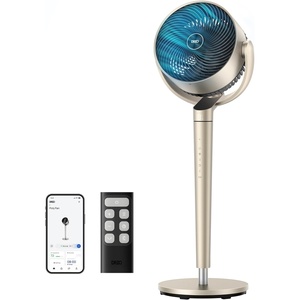 image:imageDREO Smart Fan for Bedroom 110ft Pedestal Fan with DC Motor 150120 OmniDirectional Oscillation Quiet Floor Fan with Smart Control 9 Speeds 6 Modes 43 Inches 12H Timer WiFiVoiceAlexaGold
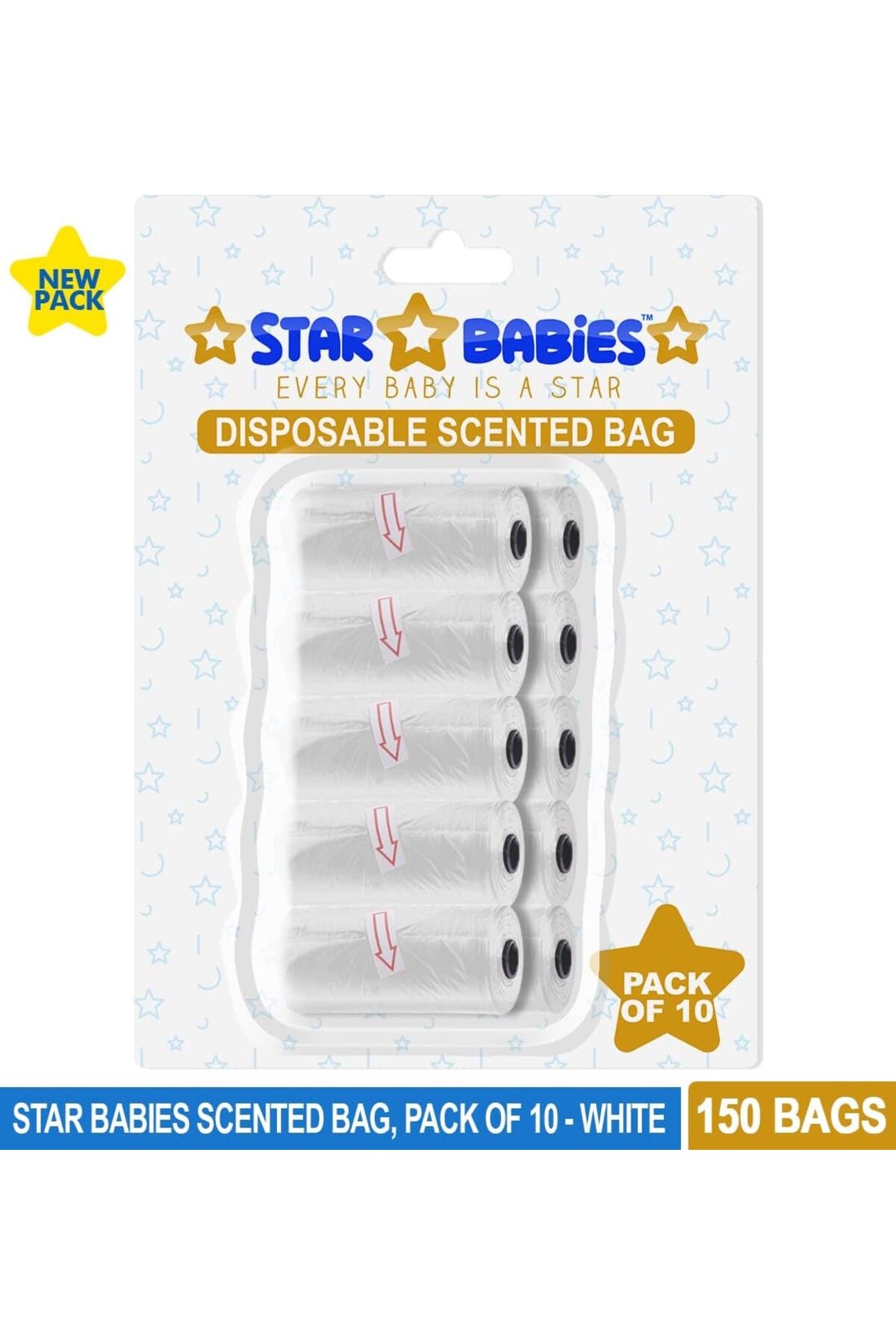 Star Babies Scented Bag White Pack of 10 (150 Bags)22x32cm
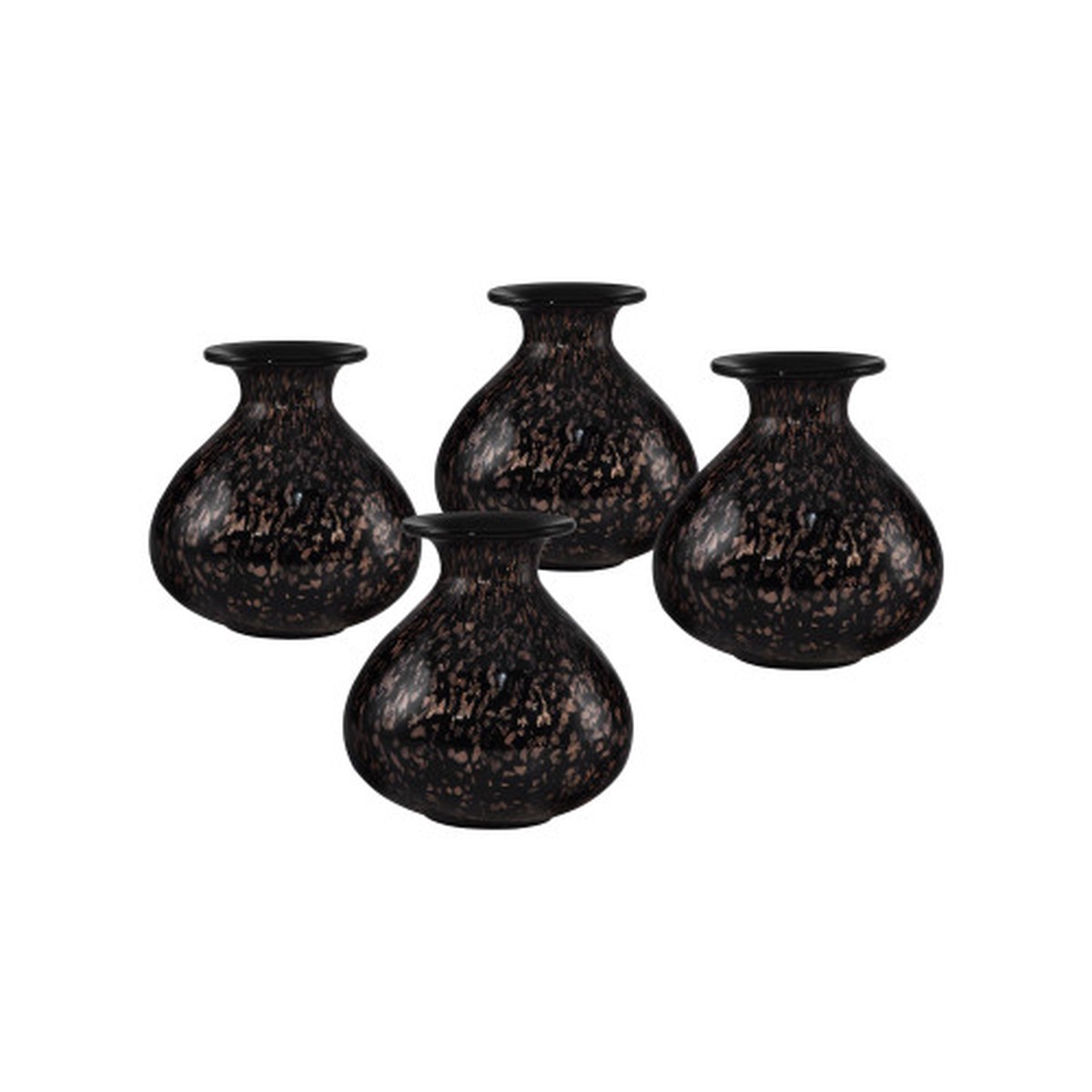 Set of 4 Leopold Hand Blown Squat Urn Vases 5.5"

▸ **Problem description**
Nothing but the text of the listing should be set down, exactly, with the pictures left behind.

▸ **Output**
 image:imageDREO Smart Fan for Bedroom 110ft Pedestal Fan with DC Motor 150120 OmniDirectional Oscillation Quiet Floor Fan with Smart Control 9 Speeds 6 Modes 43 Inches 12H Timer WiFiVoiceAlexaGold
 Star Babies Scented Bag White Pack of 10 (150 Bags)22x32cm
 Set of 4 Leopold Hand Blown Squat Urn Vases 5.5"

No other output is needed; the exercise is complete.